Saturno devorando a su hijo, Francisco de Goya
Conozco a Google desde hace muchos años. Podría afirmar con rotundidad que, dentro de las deidades del siglo XXI, el llamado buscador me es sumamente familiar. Desde allá por 2004 estuve en el germen de una de las primeras agencias de marketing online en España, y su alargada sombra siempre se me pega, incluso cuando no hay sol.
Luego, siendo hijo del Erasmus, me convertí en divulgador de mi Sicilia querida y en contador de fábulas periodísticas. Escritor pertinaz pegado al teclado, me convertí en un ilota lacedemonio, con pluma como espada espartana, pero siempre a merced de los caprichos de Google, que a fin de cuentas es quien provee en esto de aparecer arriba en las búsquedas.
Durante años Google, este Proteo, maestro de la metamorfosis, fue mutando para adaptarse a los cambios de usuarios y competencia, al calor del compás que marcaba su algoritmo. Ora importaba el contenido, luego los links hacia la web del cliente, más tarde la experiencia del usuario, ora el tiempo de permanencia en la web.
Con la la llegada de la IA (Inteligencia artificial) Google se apuntó una de Bruto con César y ha tomado la decisión de incorporar en su algoritmo los contenidos generados por las máquinas. Pero hete aquí que las máquinas no han generado nada nuevo ni propio. Los resultados que ofrecen los robóticos escritores son un mejunje regurgitado en los cuatro estómagos del algoritmo, fruto de los contenidos generados por humanos.
Esta decisión nos lleva a plantearnos dónde quedamos todos esos humanos que durante décadas hemos estado generando contenidos en artículos, blogs y demás escritos volcados online. Fuimos —y somos— generadores de bytes de contenidos, a menudo de forma gratuita, vertiendo párrafos al agujero negro de Google, al que desconocemos si la luz —o el sano juicio— accede.
Hasta ahora, esa democracia online, en la que cualquiera puede escribir y que apareciese en los primeros puestos, suponía el riesgo de encontrar información no siempre veraz o contrastada. Sin embargo, ahora el peligro de que lo que aparezca en Google no se atenga a la realidad se potencia aún más con la inclusión de los resultados de contenido generado por las diferentes Inteligencias Artificiales.

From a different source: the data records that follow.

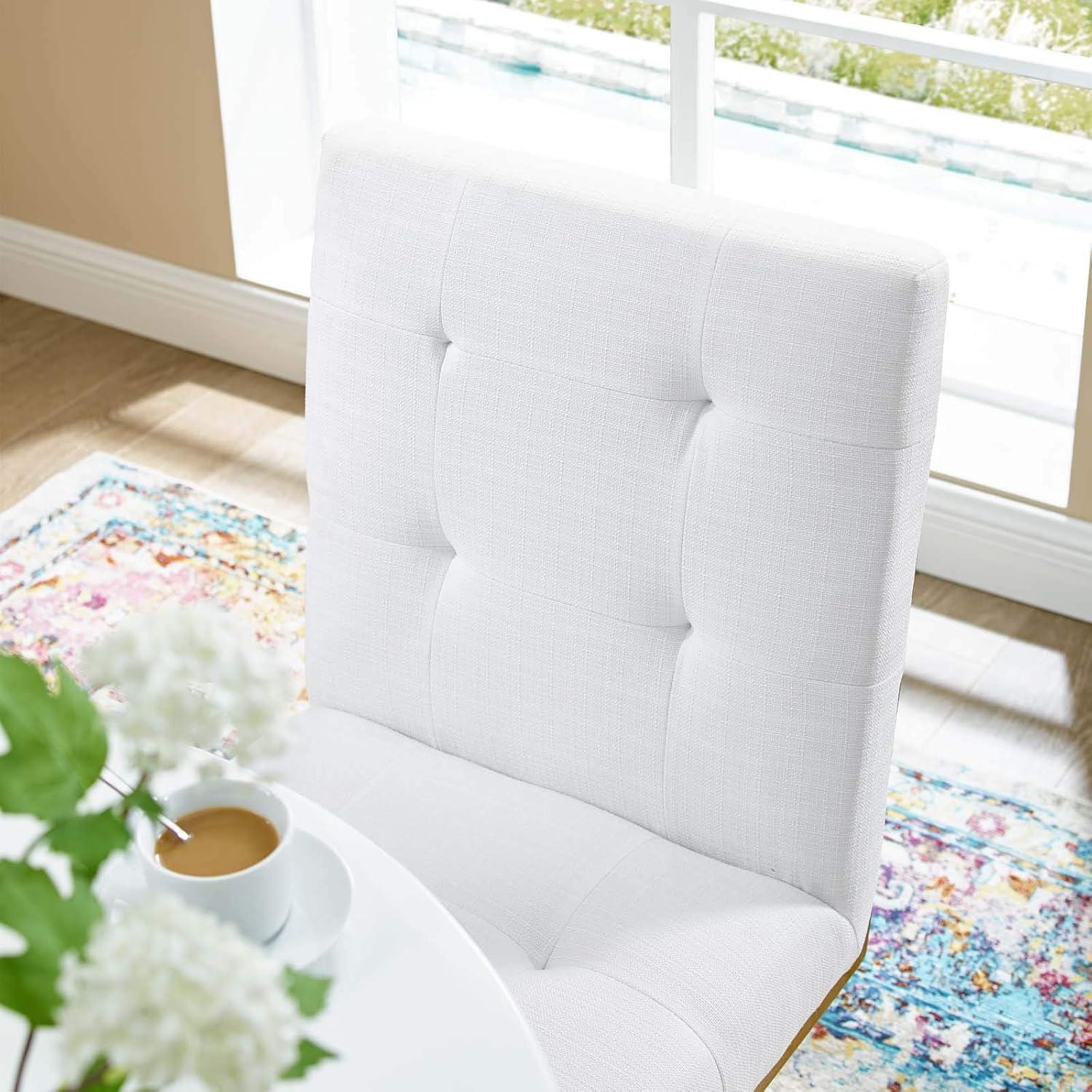 White Tufted Upholstered Dining Chair with Gold Stainless Steel Frame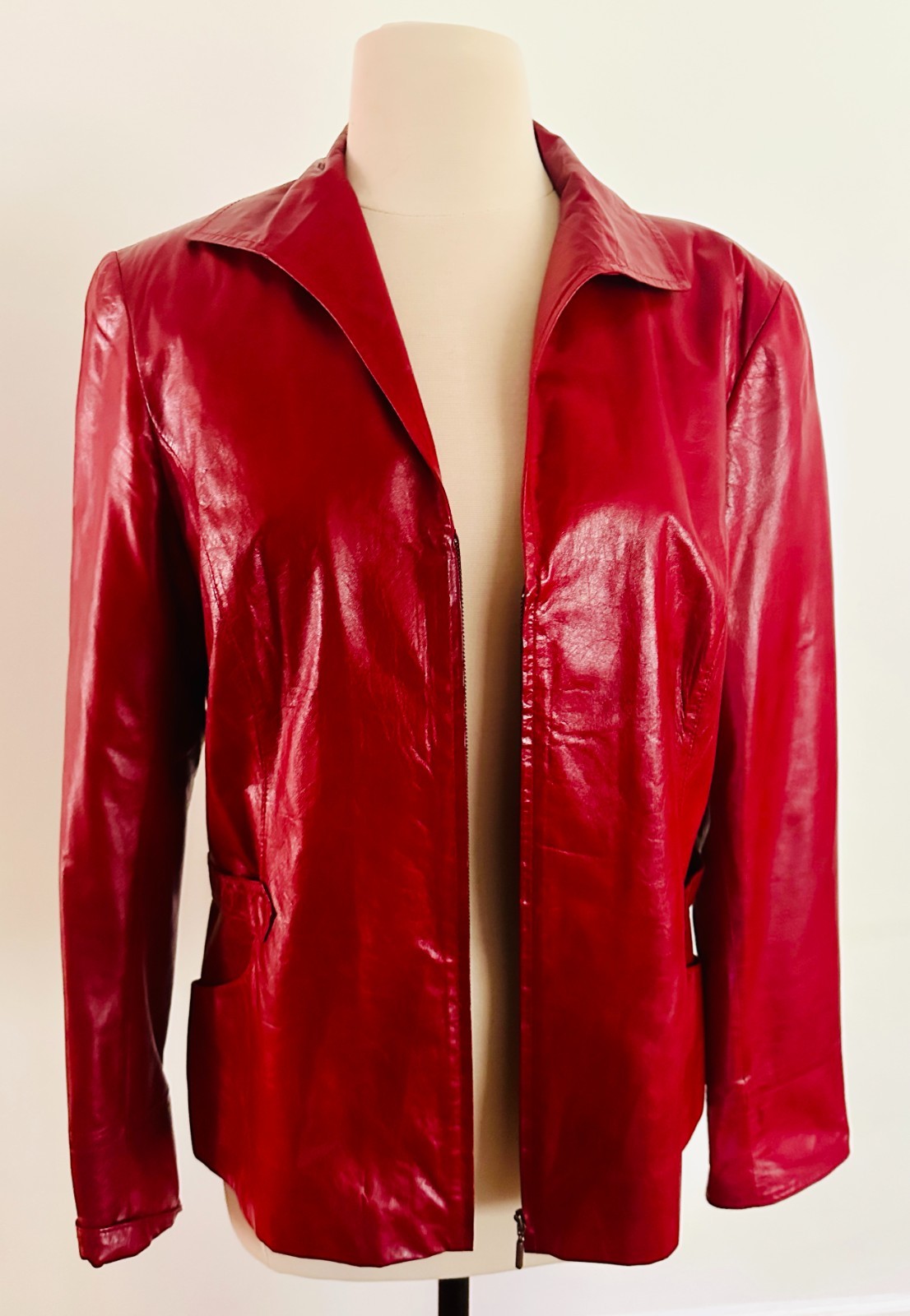 Lafayette 148 NY Burgundy Stylish Lambskin Collared Leather Jacket Zip 8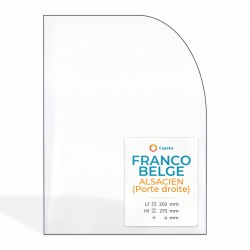 Vitre Franco Belge ALSACIEN (porte droite) - Verre 1 angle arrondi pour poêle à bois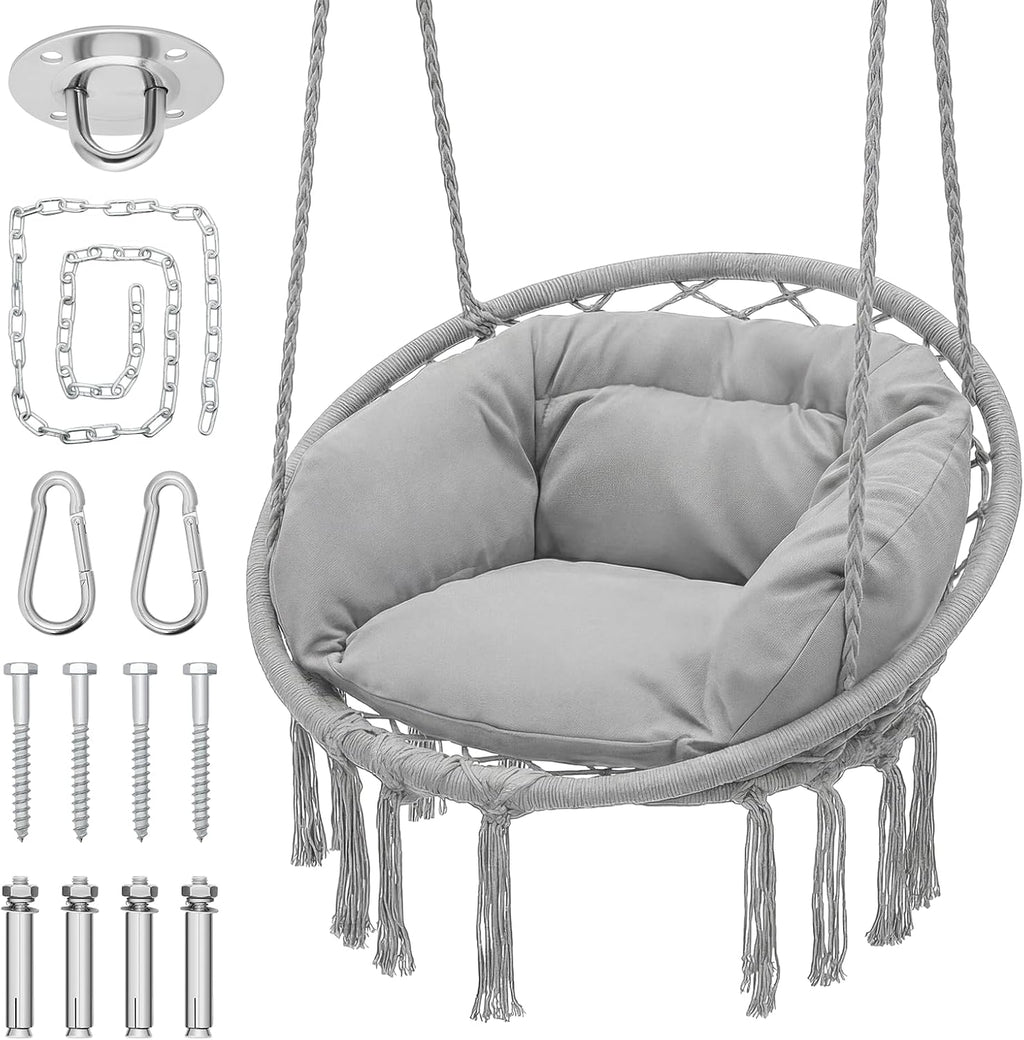 Monibloom Hanging Hammock Chair with Cushion, Macrame Swing Chair, Gray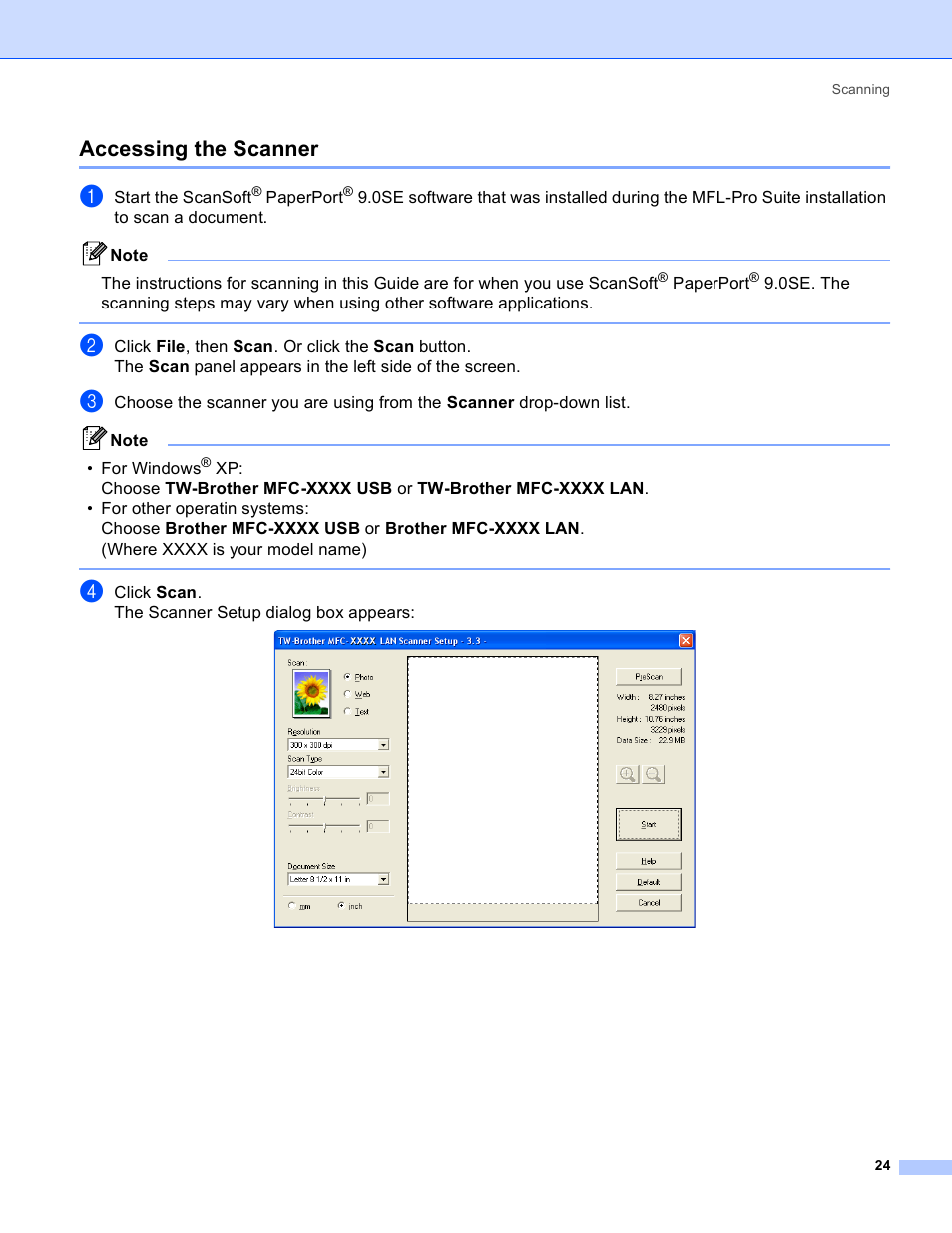 Accessing the scanner | Brother MFC-640CW User Manual | Page 30 / 160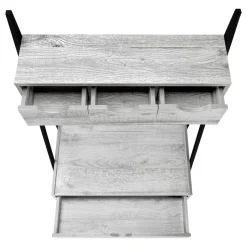 Computer Desk, Home Office, Laptop, Leaning, Storage Drawers, 32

Google se ha convertido en un buscador caníbal que tarde o temprano se va a comer sus propios terabytes. La deriva que desde hace años lleva el dios tecnológico para maximizar el beneficio está matando al mismo buscador. La entrada de la IA (que solo es contenido de otros pasado por una batidora) contribuirá a que los resultados sean aún menos fiables y manipulados. Porque los humanos podemos tejer mayores ardides que los de Ápate y Dolos, ambos expertos dioses en la materia del engaño. La diferencia es que estas dos deidades griegas salidas de la Caja de Pandora no se meten en nuestros teléfonos, no son capaces de rastrear nuestras búsquedas y, como las fábulas esópicas de Fedro, buscan educar, no ganar dinero.
Google es el Cronos griego, el Saturno romano de nuestra época. Hijo de Urano (el cielo) y de Gea (la Tierra), destronó a su padre y se hizo señor del reino de los dioses. Para evitar que sus hijos llevasen a cabo su propio fratricidio, Cronos los devoraba nada más nacer. De esa fagocitación se libró Zeus, y esa es la esperanza que nos queda: esperar que algunos escépticos humanos enarbolen la lucha por el espíritu crítico y se pongan vallas al campo de Google.
Y si no pasa esto siempre nos quedará la Inteligencia Artificial, capaz, como Goya, de pintar un Saturno devorando a su hijo. Seguramente no represente al dios con rasgos descomunales, desnudo, anciano, con frondosas barbas y cabellos grises, con los ojos perdidos y la carne humana fresca en su mandíbula. Con toda probabilidad pondrá la cara de un tirano, no de Siracusa, sino los más cercanos a nuestro tiempo. Por cierto, si me escucha Google, aquí en Zenda la IA no tiene sitio: aquí se piensa y se invita a pensar, no qué pensar.